Table 1: Study characteristics, patient demographics and outcomes from the nine studies included in this review.

PD-1 inhibitors

Antonarakis et al. [30] split 258 mCRPC patients into three cohorts; PD-L1 positive (133 patients), PD-L1 negative (66 patients), and bone predominant metastases (59 patients). PD-L1 positivity was predefined as Combined Positive Score (CPS) of ≥1. All patients were administered 200 mg Pembrolizumab. All patients had previously been treated with at least one targeted endocrine and docetaxel therapy. The data from the study demonstrated a mean OS of 9.5 months (PD-L1 positive), 7.9 months (PD-L1 negative), and 14.1 months (bone predominant metastases) and a mean PFS of 2.1, 2.1 and 3.7 months, respectively.

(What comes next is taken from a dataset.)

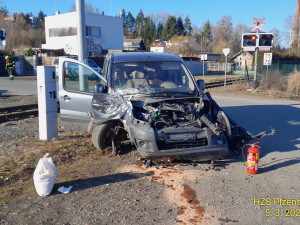 Vlak smetl na přejezdu auto, řidič osobáku z místa utekl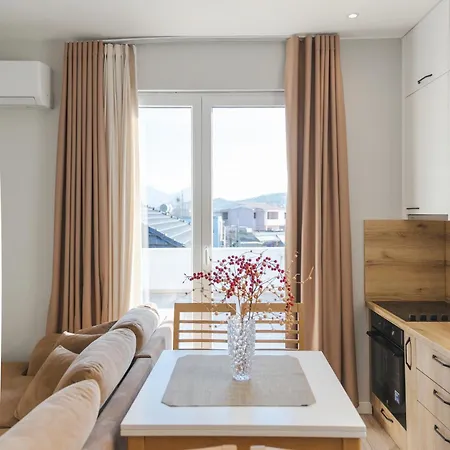D&e Cozy * טיראנה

Across all three cohorts, a decrease of PSA ≥ 50% was observed in 9% of the patients.

In contrast to Antonarakis et al., more than half of the study population (53%) in the trial by Karzai et al. [31] experienced a PSA ≥50% decrease. A total of 17 mCRPC patients, of which 65% had previously received chemotherapy, were treated with both 1500 mg Durvalumab and 300mg Olaparib (a poly ADP ribose polymerase inhibitor). All participating patients had received either Enzalutamide or Abiraterone prior to treatment. The median PFS was 16.1 months, and 51.5% of all patients were progression free at 12 months.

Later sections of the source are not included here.